A global sweep of westerlies, which has triggered severe flooding across central Europe, fused with the south-west monsoon over north India, causing the deadliest rains in decades, a top Met official has said. Meteorologists investigating the factors behind the devastation said although such extreme weather events were not uncommon in the Himalayan states, such as Uttarakhand, the monsoon could
not have, on its own, resulted in heavy rainfall.
Driven by westerlies, western disturbances, or extra-tropical storms originating over the Mediterranean, swept into the north Indian hilly states around mid-June, where a monsoon-related low-pressure system had already moved in from Bay of Bengal, meteorologists said.
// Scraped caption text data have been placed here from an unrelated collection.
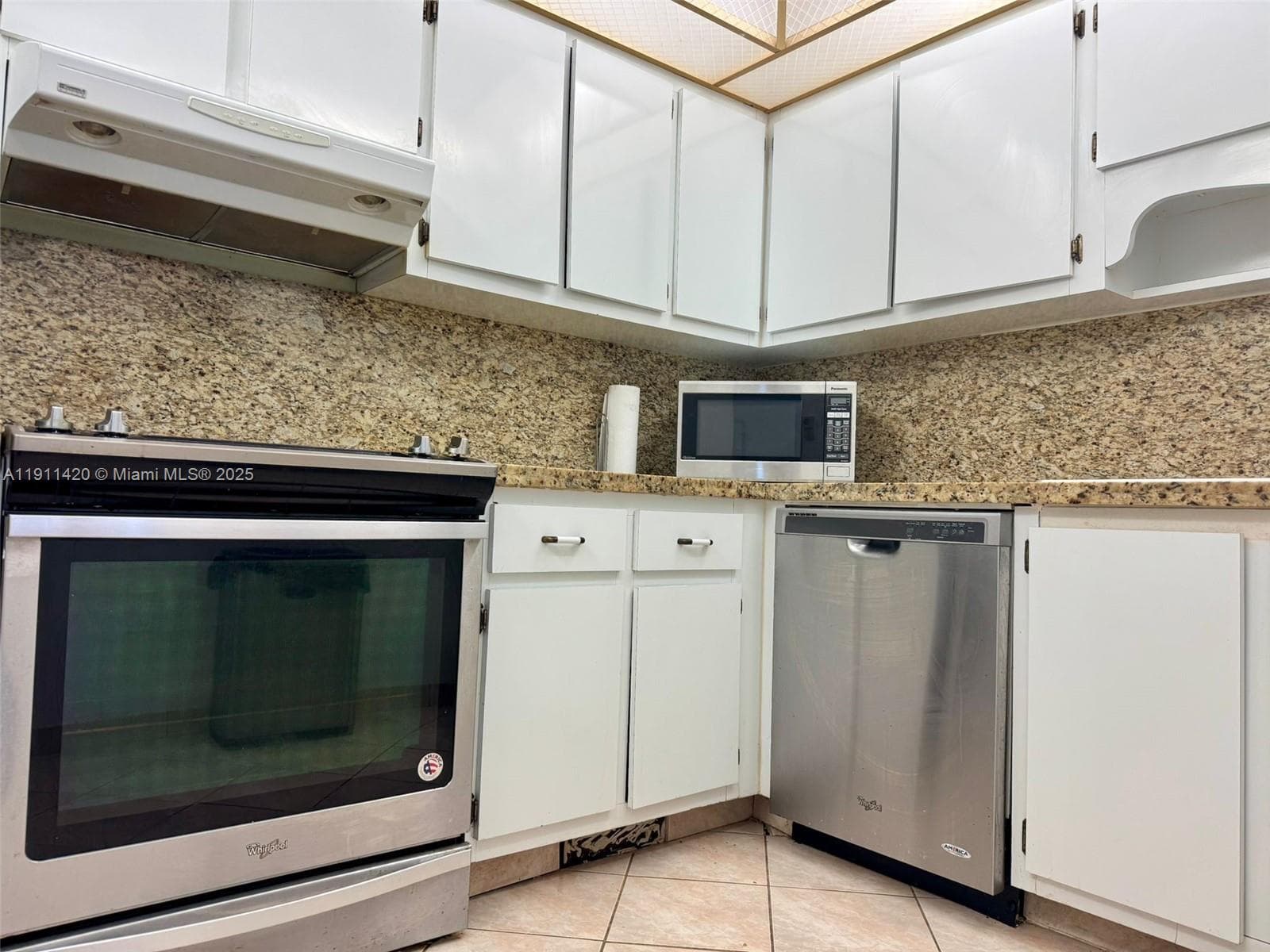 THE ISLES CONDO · #114 in Sunny Isles Beach - Photo 29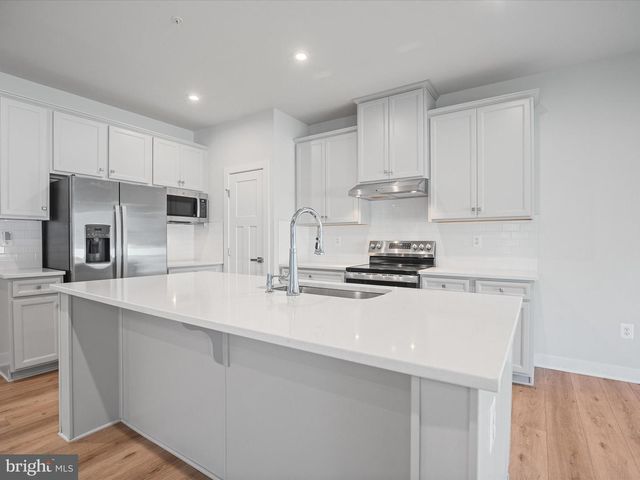 303 PATHFINDER CIR, Grasonville, MD 21638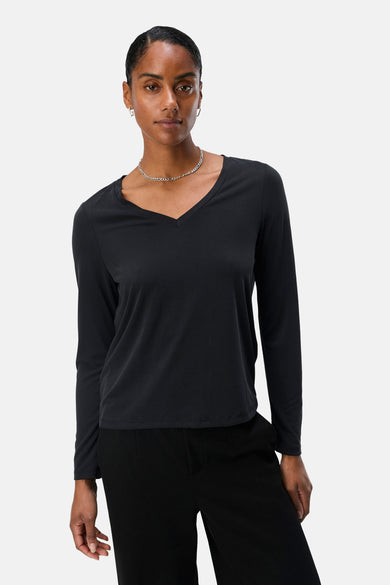 Zwart T-shirt met lange mouwen van OBJECT, gedragen met een zilveren ketting en zwarte pantalon.
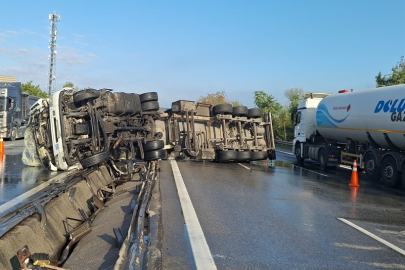 Etilen glikol yüklü tanker bariyerlere çarpıp devrildi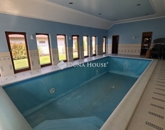 Eladó családi ház Érsekcsanád 210 000 000 Ft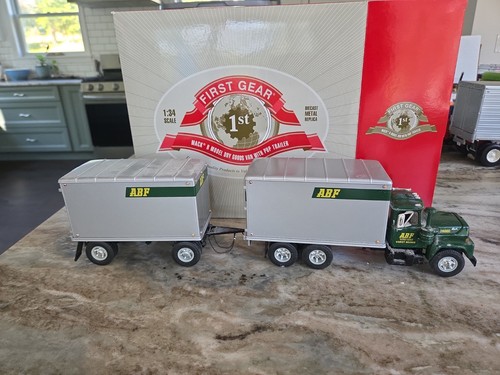 First gear mack b model - first,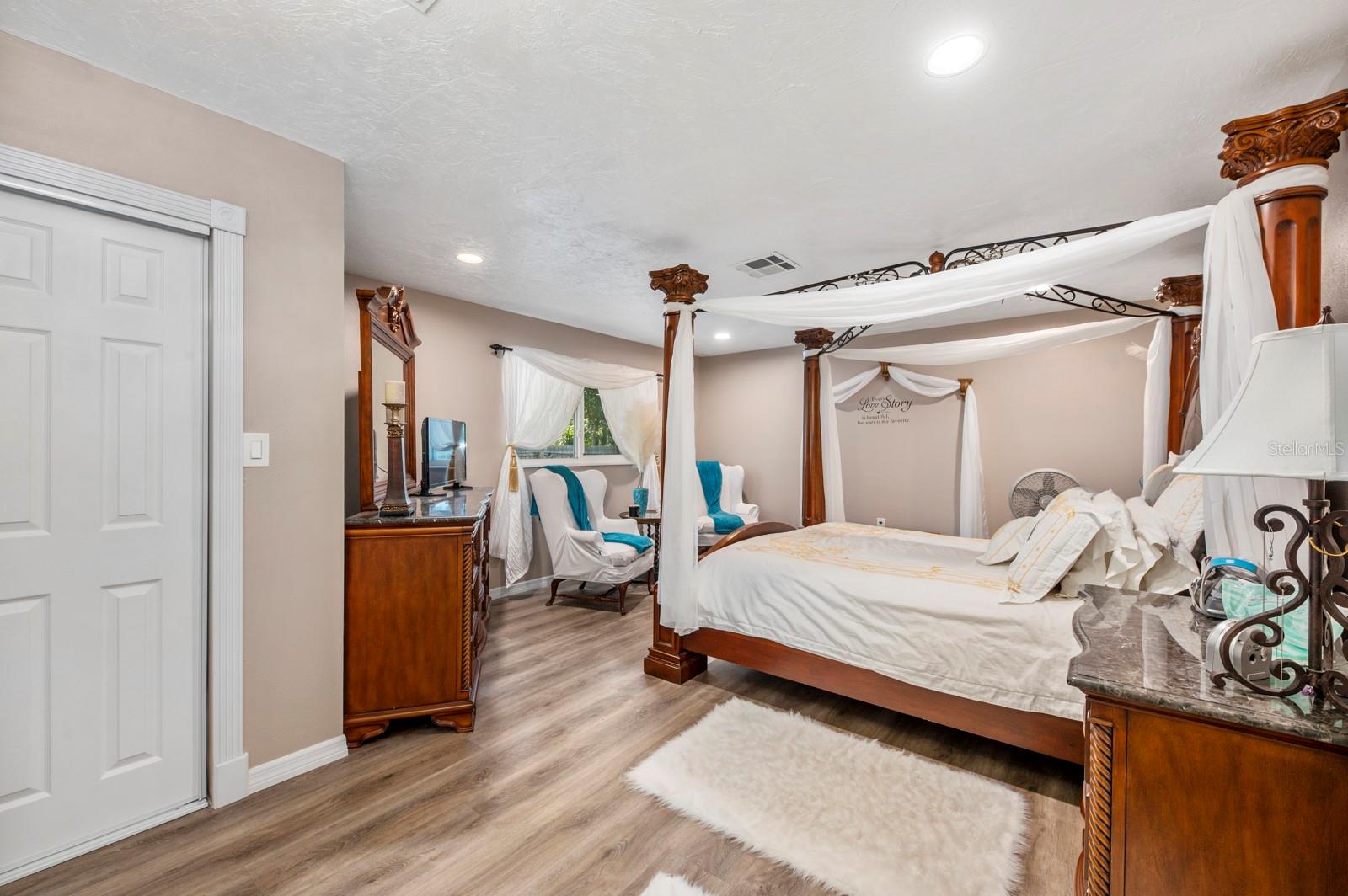 2352 PALM TER, SARASOTA, FL, 34231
The convergence over Uttarakhand caused severe rainfall, as swollen rivers barreled down gorges and valleys, burying hotels, houses and people.
“When westerlies encounter the monsoon, they don’t leave each other easily,” said S Damodar Pai, the Meteriological department’s chief long-range forecaster.
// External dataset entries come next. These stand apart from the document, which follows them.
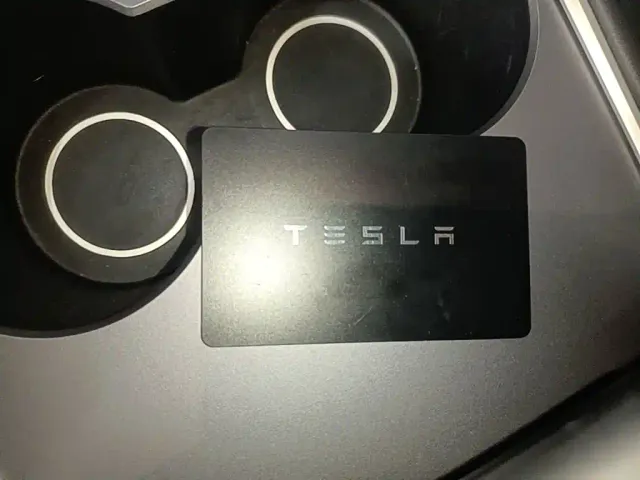 Tesla Model Y — Фото автомобиля 8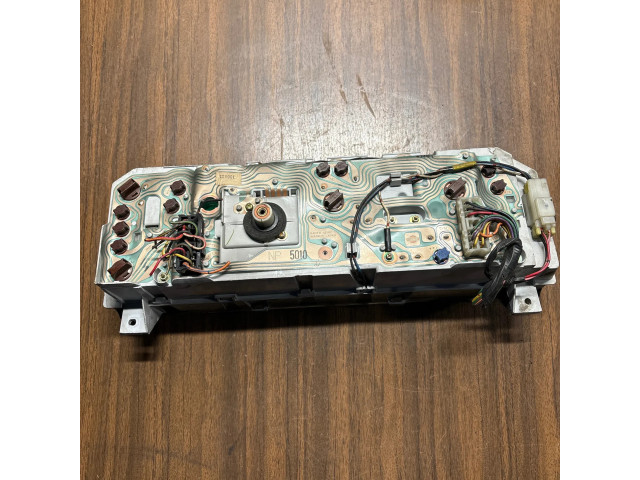 Přístrojová deska Nissan Bluebird 1987 NR630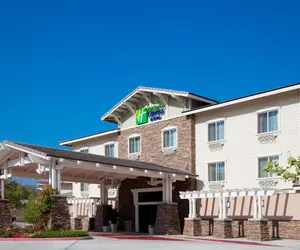 Photo 2 - Holiday Inn Express Hotel & Suites San Dimas, an IHG Hotel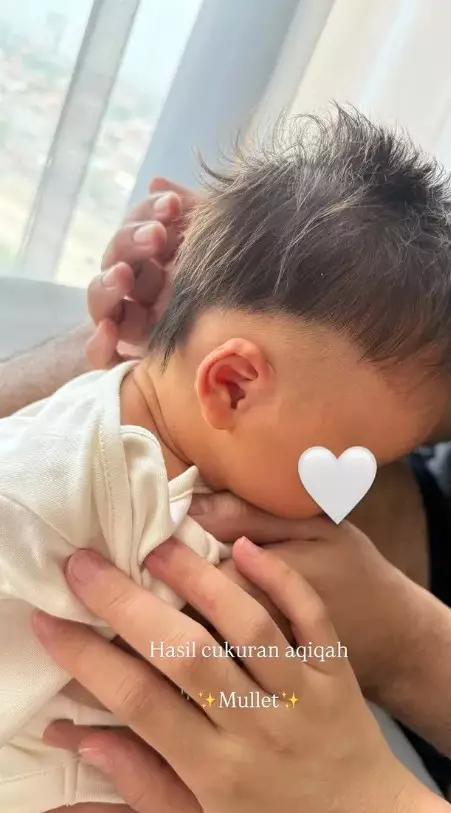 akikah anak pertama Anggika Bolsterli © Instagram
The monsoon is relatively weaker in the Himalayan region, which is located near the “periphery” or the northern limit of the monsoon that brings up to 80% of India’s annual rainfall.
The westerlies virtually locked on to the monsoon system, Pai said, the two systems feeding moisture into each other and giving rise to intense interaction.
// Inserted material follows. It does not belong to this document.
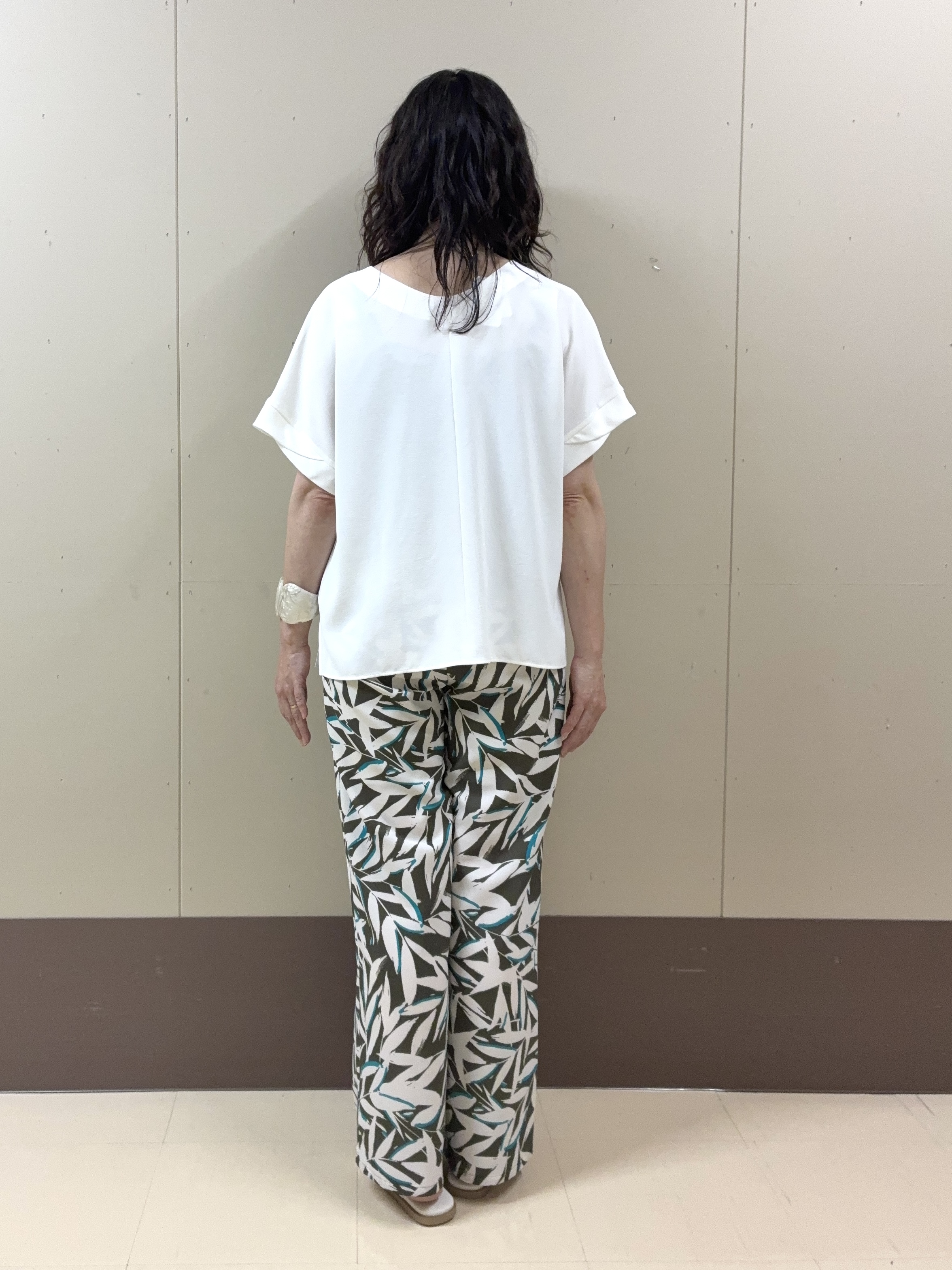 Noriさんの「UNTITLED｜【前後2WAY/はっ水/セットアップ可】リラクシーフレンチスリーブブラウス」を使ったコーディネート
While monsoon currents progress from south to northwest, western disturbances move across north India from west to east, driving up pressure.
In fact, in some Himalayan areas, the monsoon is activated by western disturbances.
This summer, the westerlies have left a trail of deadly flooding in central European nations, such as Germany, Austria and the Czech Republic. Some of these westerlies intruded into India from Afghanistan, said R Krishnan, a senior meteorologist with Indian Institute of Tropical Meteorology.